My boots are slightly too big. My feet slide a little bit inside as I walk, forward and back. By the end of my half hour roundabout they will have had a thorough falling-out with my socks who will have slouched and slid down and made annoying little ridges under the arch of each foot. My big boots make a crumping noise on the crushed crystals of the frozen snow. It's dark but for the puddled glow of the streetlights, strung like beads along each path and road. There, where the path curves away into the trees, one bead of light is missing. It's a little spooky walking the snail trail tunnel in the dark all alone. Crunch, crunch, crunch goes the ice beneath my boots.
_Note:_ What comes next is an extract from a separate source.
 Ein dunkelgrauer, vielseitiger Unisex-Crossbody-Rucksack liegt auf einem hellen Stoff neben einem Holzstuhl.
Suddenly, I realize that I can hear crunching that ISN'T MINE. Is there someone following me through the shadowed snowscape and the wintry winds? I strain my ears and slow just slightly to throw off my stride and differentiate between my crunching and this new, not-me noise. Crump, crump, crump CRUMP. It's probably just someone walking their dog, the snail trail is a very popular place for dog-walking, since it's nearly the only non-paved, tree-lined path in the village. Crump, crunch. Earlier I passed Leo, the big-headed Rhodesian Ridgeback that lives across the street with our neighbor Tobias, but they were headed the other way, back toward the warm lights in their windows.
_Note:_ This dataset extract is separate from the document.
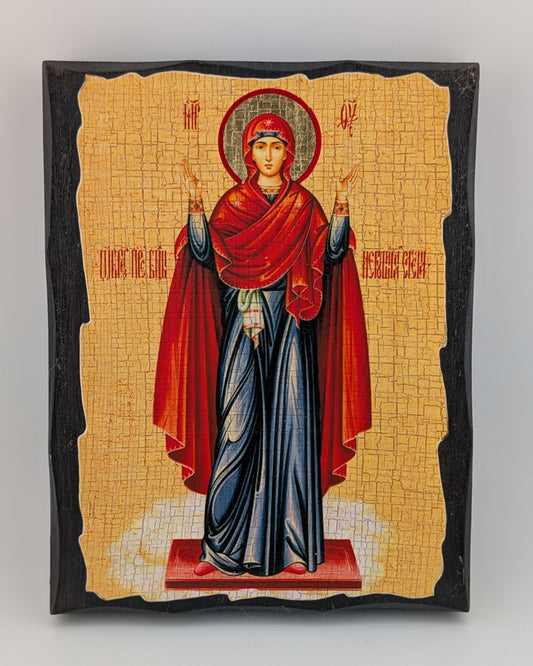 Decorative icon with a central figure in red and blue robes on a beige background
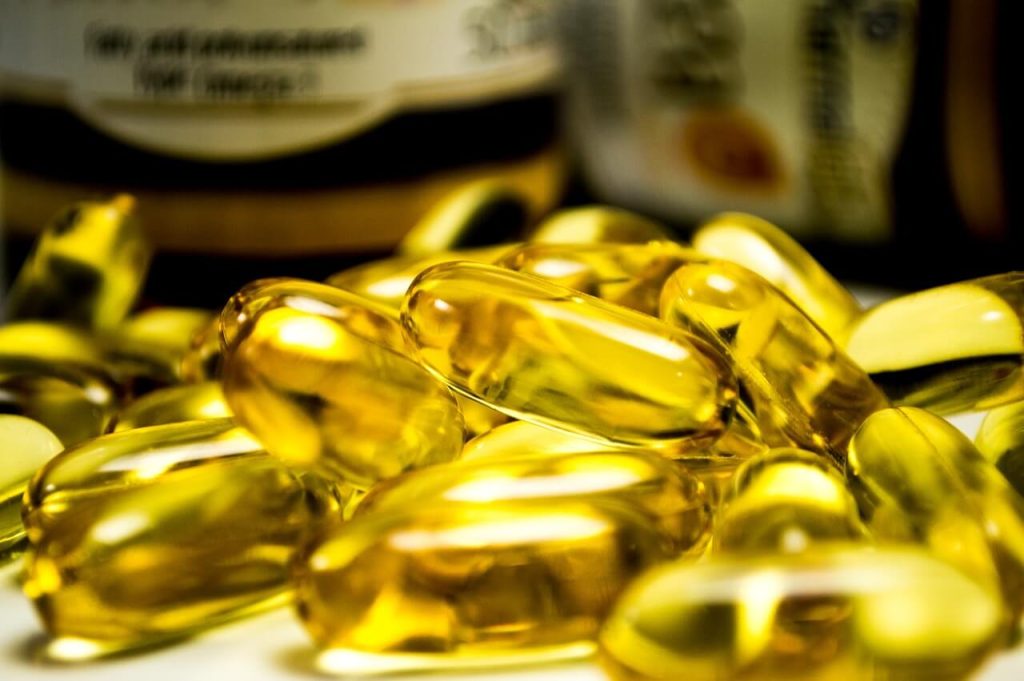 A heap of omega-3 fish oil pills representing Comparative Analysis of Joint Supplements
I can't take it anymore and swing around to look; the noise is RIGHT BEHIND ME.

There's no one there.

The little creek that runs beside the trail is silent and still though the water isn't frozen. It's a black shiny snake between the white banks. Someone took a snowplow through here a few weeks ago, the treadmarks are still sculpted and patterned, trimming each side of the path neatly. There are bootprints and pawprints between the icy patches. Evidence of new year revelry lies charred and forgotten beneath the birches. I keep moving, because it's too cold to stand still. There it is again. Crunch, crunch, crunch.

Suddenly, I realize where the noise is coming from and laugh: it's the little box of Tic-Tac's in my coat pocket, swinging back and forth with each step.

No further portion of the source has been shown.